Hydrogen's scope is vast, and we aim to lay down the groundwork for understanding it:

We will cover:
- Hydrogen: What is it?
- How can it help with Decarbonisation
- Current state of the market
- Company Deep Dive: Electric Hydrogen

In this part we will cover Hydrogen: What is it & what can it be used for.

Let’s dive in 🌊

Solution ​​Map: Hydrogen

In our climate solution map we break down Hydrogen into 4 paths:

• Transportation: Methods for transporting hydrogen are Gas Phase Trucking, Gas Compression, Pipeline, Liquid Trucking, and Liquefaction.

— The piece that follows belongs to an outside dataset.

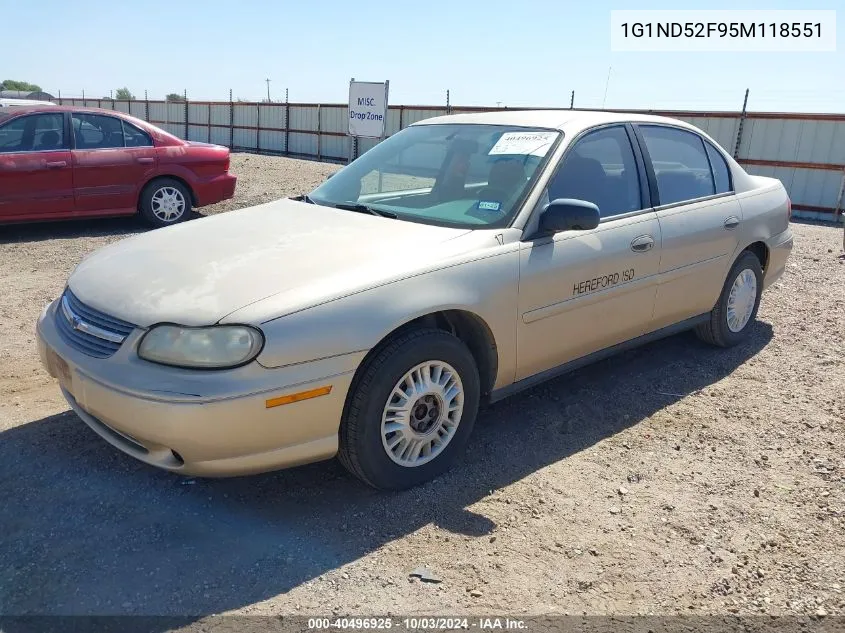 2005 Chevrolet Classic VIN: 1G1ND52F95M118551 Lot: 40496925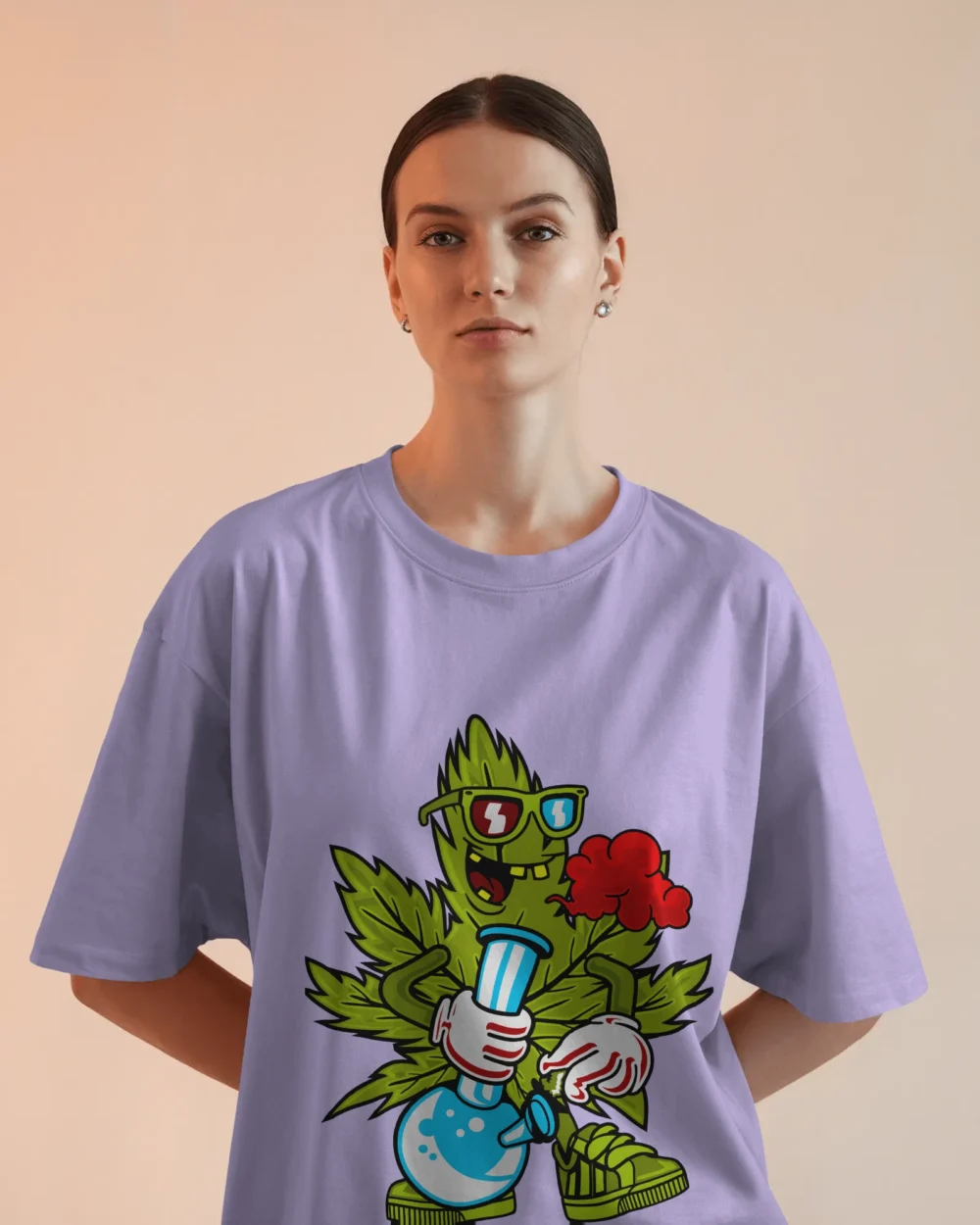 ZaZa High Oversized T-Shirt | 240 GSM Cotton Bong Graphic Tee – TripTribe® - Image 11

• Storage: Storage solutions include Chemical Storage, Solid State, Compressed Gas Tank, Liquid, and Salt Cavern.

• Hydrogen End-use in Transportation: Uses include Plane Fuel, Maritime, and Heavy and Medium Duty Road Transport.

• Industry: Hydrogen is used in Ammonia production, Refining, Steel manufacturing, Chemical processes, and providing Industrial Heat.

• Power: Hydrogen is utilized in Power Generation, Natural Gas Blending, Fuel Cell Manufacturing, and Building Heat.

In this series we will focus on the production of Hydrogen, with a focus on Electrolysis - with Electric Hydrogen, Hydrogen industry’s first unicorn, as the example company.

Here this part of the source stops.